How Soon Before AI Kills the Billable Hour?
Earlier this week, stock prices for Chegg, which provides study materials and outlines for high school and college students, plunged by almost 48 percent reports CNBC. The culprit? ChatGPT which has cut into much of Chegg’s business in just five months.
Chegg’s recent losses are yet another reminder of just how quickly ChatGPT can shake up industries. Law is no different. By now, you’ve probably seen stories like this NYT piece describing how AI may displace lower level associates or handle routine tasks ordinarily assigned to attorneys.
But perhaps the biggest disruption that AI promises is the end of the billable hour.
After all, how can it possibly be sustainable?
When a tool like Casetext Co-Counsel can summarize the fifty cases cited in an opposing brief in 10 minutes rather than the ten hours it might have taken an attorney, how do you bill for that?

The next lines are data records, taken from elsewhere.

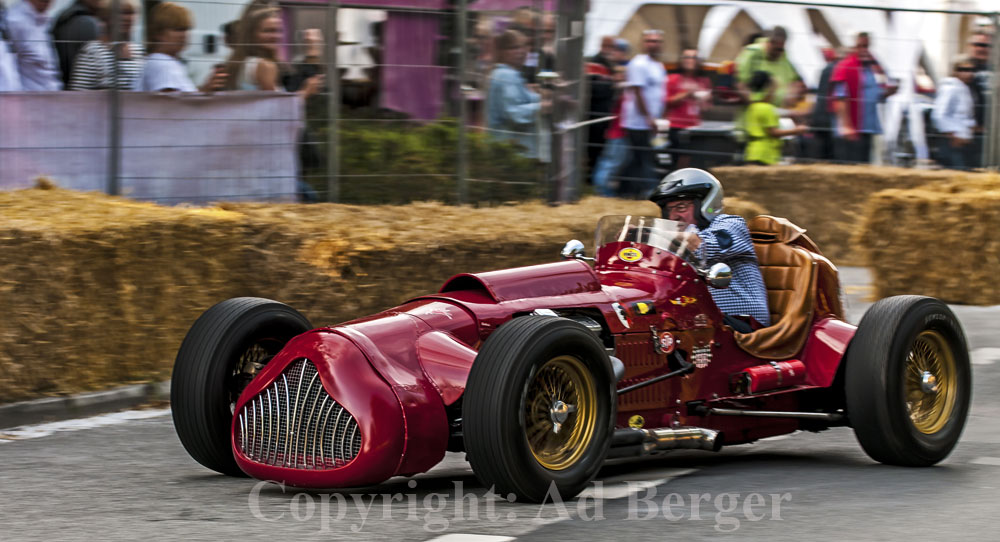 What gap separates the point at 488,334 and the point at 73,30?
17.4 feet

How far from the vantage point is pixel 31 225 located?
8062 millimetres

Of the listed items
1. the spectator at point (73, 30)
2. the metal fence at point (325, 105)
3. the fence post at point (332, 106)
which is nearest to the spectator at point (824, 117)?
the metal fence at point (325, 105)

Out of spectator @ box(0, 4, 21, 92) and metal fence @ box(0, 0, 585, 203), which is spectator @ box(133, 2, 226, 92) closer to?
metal fence @ box(0, 0, 585, 203)

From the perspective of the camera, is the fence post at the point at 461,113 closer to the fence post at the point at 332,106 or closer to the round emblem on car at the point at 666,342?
the fence post at the point at 332,106

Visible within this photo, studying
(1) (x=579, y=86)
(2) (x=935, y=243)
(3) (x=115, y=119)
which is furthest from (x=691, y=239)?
(2) (x=935, y=243)

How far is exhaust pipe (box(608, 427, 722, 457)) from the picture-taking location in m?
6.12

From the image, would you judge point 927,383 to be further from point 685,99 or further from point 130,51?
point 685,99

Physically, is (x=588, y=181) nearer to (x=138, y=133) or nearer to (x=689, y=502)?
(x=138, y=133)

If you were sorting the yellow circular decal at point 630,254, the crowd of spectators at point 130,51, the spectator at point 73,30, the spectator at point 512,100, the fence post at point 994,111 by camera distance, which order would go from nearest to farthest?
the yellow circular decal at point 630,254 → the crowd of spectators at point 130,51 → the spectator at point 73,30 → the spectator at point 512,100 → the fence post at point 994,111

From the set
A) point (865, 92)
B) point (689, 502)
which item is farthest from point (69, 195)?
point (865, 92)

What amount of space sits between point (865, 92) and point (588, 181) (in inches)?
150

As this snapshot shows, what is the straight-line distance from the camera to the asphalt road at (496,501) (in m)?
5.27

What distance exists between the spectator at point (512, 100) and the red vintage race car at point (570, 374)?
4544 mm

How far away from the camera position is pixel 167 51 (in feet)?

When a lawyer can push a button to generate discovery requests that respond to a complaint that an associate supplements with two hours of review, rather than the two days the project might have taken, how do you bill for that?
And if in-house counsel can use AI-powered tools, how much use will they continue to have for large outside firms?
Consumer clients will soon grow savvy too. They’ll be able to figure out that all those hours charged for depo prep in a family law case could have been accomplished in an hour with AI. Or that the canned, Chat-GPT generated email didn’t take an hour to draft.
Flat fees charge for the deliverable, not the process and so they’re less vulnerable than the billable hour in an AI-age.
The wheels of justice may grind slow, but technology moves at lightening speed. AI may not toll the end of lawyers, but it just may make the billable hour obsolete. That would be progress.